ハック・ダックは気を取り直して精霊賢者に向き直る。
「爺さん、今日はこいつの能力検査なんだ。爺さんなら分かるだろう? さくっと始めちゃくれねえか」
「こんどエリカちゃん連れちこい」
「……分かった分かった」
「はあ、仕方ないのぉ」
賢者は首をポキポキまわし、杖にすがって立ち上がる。
「坊主、こっちこい。ハック・ダックは下がっとれ。そう、向こうの壁が邪魔にならんでええのぉ。坊主はもっとこっちじゃ。中心に立てい。……そう、そこじゃ」
晴光はちょうど、賢者を背にするように立った。正面より向こうには、ハック・ダックが注視して立っている。
「では、始めるぞい」
※※※※
男は二人。管理局の制服を着た藍色の髪の男と、筋骨隆々と体格のいい“尖り耳”の男である。

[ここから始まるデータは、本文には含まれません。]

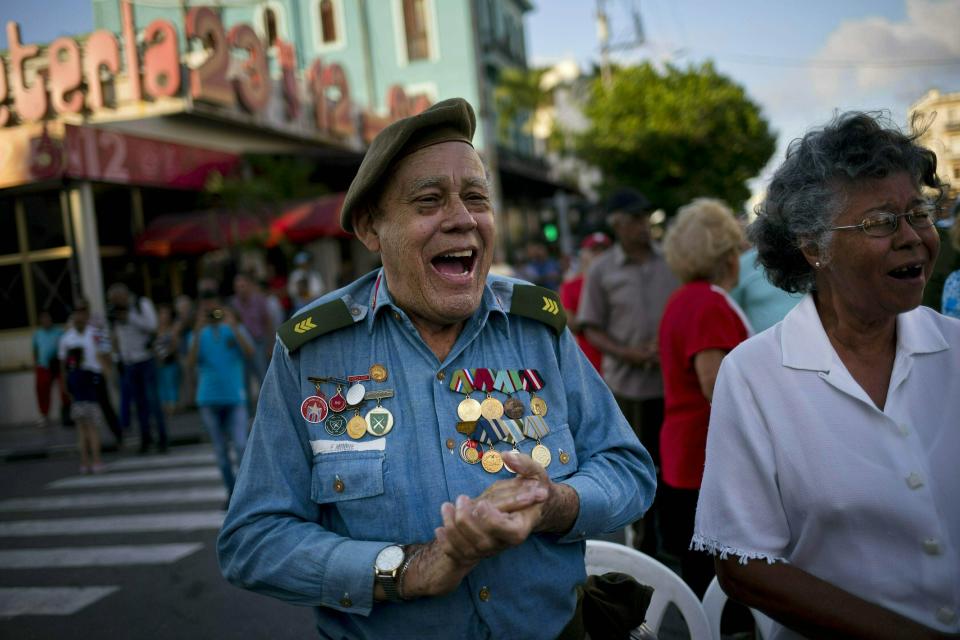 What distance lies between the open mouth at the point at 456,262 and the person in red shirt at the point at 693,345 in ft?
5.42

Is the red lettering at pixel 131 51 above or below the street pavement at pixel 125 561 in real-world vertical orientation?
above

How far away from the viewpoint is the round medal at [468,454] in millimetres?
1999

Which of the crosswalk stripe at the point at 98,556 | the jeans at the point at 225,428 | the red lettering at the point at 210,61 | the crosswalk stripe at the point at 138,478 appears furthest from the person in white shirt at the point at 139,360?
the red lettering at the point at 210,61

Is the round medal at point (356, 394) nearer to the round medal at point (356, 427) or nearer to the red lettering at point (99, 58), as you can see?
the round medal at point (356, 427)

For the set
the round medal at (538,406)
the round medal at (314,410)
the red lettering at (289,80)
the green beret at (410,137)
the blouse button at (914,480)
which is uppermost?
the red lettering at (289,80)

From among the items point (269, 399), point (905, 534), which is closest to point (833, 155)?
point (905, 534)

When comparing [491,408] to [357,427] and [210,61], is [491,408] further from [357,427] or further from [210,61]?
[210,61]

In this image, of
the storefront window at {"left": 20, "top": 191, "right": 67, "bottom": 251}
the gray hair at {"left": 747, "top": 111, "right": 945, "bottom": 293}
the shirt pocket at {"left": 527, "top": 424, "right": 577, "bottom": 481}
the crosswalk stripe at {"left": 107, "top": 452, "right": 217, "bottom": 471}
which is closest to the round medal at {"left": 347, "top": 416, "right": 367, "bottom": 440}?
the shirt pocket at {"left": 527, "top": 424, "right": 577, "bottom": 481}

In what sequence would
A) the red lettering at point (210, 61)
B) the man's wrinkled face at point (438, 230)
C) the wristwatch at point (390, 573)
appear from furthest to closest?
1. the red lettering at point (210, 61)
2. the man's wrinkled face at point (438, 230)
3. the wristwatch at point (390, 573)

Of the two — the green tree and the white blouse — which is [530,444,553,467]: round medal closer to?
the white blouse

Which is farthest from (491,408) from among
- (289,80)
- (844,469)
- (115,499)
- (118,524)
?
(289,80)

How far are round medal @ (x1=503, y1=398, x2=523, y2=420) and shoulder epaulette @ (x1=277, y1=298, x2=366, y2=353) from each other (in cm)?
46

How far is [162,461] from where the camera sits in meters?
9.74

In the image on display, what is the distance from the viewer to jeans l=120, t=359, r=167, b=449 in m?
10.4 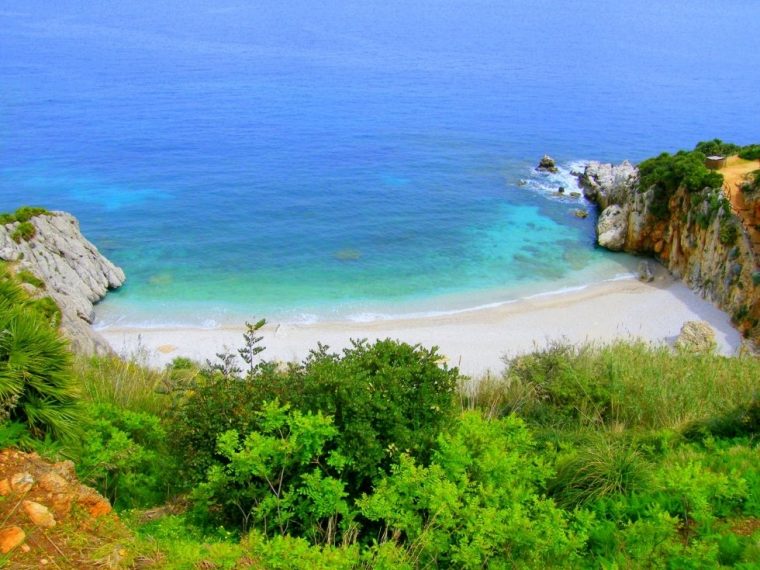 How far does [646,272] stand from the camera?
35000 millimetres

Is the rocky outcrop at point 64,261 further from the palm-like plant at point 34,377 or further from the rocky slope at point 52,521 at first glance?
the rocky slope at point 52,521

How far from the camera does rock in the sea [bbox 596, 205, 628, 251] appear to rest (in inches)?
1515

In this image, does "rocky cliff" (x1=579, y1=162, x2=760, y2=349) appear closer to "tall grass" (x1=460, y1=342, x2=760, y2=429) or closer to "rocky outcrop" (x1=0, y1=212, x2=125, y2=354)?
"tall grass" (x1=460, y1=342, x2=760, y2=429)

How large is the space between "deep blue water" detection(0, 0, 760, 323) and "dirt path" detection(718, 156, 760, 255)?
758 cm

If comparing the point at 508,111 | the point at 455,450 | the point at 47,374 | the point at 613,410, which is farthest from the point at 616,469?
the point at 508,111

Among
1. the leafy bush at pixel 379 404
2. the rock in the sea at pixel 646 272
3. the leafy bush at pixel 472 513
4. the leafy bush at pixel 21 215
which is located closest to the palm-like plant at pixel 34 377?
the leafy bush at pixel 379 404

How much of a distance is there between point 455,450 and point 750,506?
3525 millimetres

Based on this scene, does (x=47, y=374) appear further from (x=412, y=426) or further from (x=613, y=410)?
(x=613, y=410)

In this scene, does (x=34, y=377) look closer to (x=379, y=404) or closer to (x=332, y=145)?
(x=379, y=404)

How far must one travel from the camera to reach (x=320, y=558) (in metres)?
5.27

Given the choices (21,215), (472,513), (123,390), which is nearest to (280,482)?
(472,513)

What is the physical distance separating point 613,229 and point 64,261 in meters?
33.0

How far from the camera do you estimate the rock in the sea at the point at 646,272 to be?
34531 mm

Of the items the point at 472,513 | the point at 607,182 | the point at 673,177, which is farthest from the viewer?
the point at 607,182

尖り耳とは、耳の上部分が葉のように鋭尖頭型になっているのが特徴の“ヒト”のことだ。一部の小人や精霊にも表れる特徴の一つで、“ヒト”の形をした者に限定してそう称する。
まあ、俗にいう“エルフ耳”である。
エリカは懐から、一本の小瓶を取り出した。
濃い紫の色をしたガラスに入れられた小瓶は、一見して香水のように見える。
「なあにそれ」
ニルが尋ねる。
「この前作った新作」
エリカはニンマリと口角を釣り上げた。反対にニルの口角と眉は情けなく下がっていく。「そ、それって……“あの”……」
青くなるニルは、目を皿のようにしてその小さな小瓶を凝視した。濃い紫色の中に、星のまたたきのように淡く光る黒い霞のようなものが見える。
『小さな銀河』と名付けたその小瓶を、エリカは蓋を取ると手早く群衆の中心に投げ入れた。
瓶は弧を描いて、頭の群れをヒューンと飛び越していく。
果たして瓶は、藍色の髪の男の足元で割れた。
いち早く反応した尖り耳の男の方は、素早く後ずさった。藍色の男の方は、少女を片手に吊り下げたまま、濁った眼を緩慢に足元へと動かしただけだ。
直系五センチ、高さは十五センチ余りの小瓶から、もくもくと濃厚な黒い煙が湧きあがる。一瞬にして男の胸の高さまで膨れ上がった。
きらきらと淡く小さな星々が、星雲の中を泳いでいる。黒は星の集まりによって色を変え、紺や青にも流れる水のように色を変えて瞬く。
小瓶に詰められた“小さな銀河”。
魔女は言う。
『草木に生命があるのは知っているでしょう? そしてそれを食べる生命がいて、さらにそれを糧にする生命がいる……魔法の原理は、そういう生命の力を少し借りることで成されるの』
『生命は生命から生まれるわ。だから魔術学からしてみれば、生命が育まれる土壌たる星に生命が宿っていないわけがないのよ。そして生命には、大なり小なり“意思”が宿る』
『つまり、星は生きている』
―――――星と目が合う。
ファンの腕を釣り上げていた腕は、強張るようにして力が抜けた。男の何倍もの背丈に膨れた“小さな銀河”は、男の眼を魅了して離さない。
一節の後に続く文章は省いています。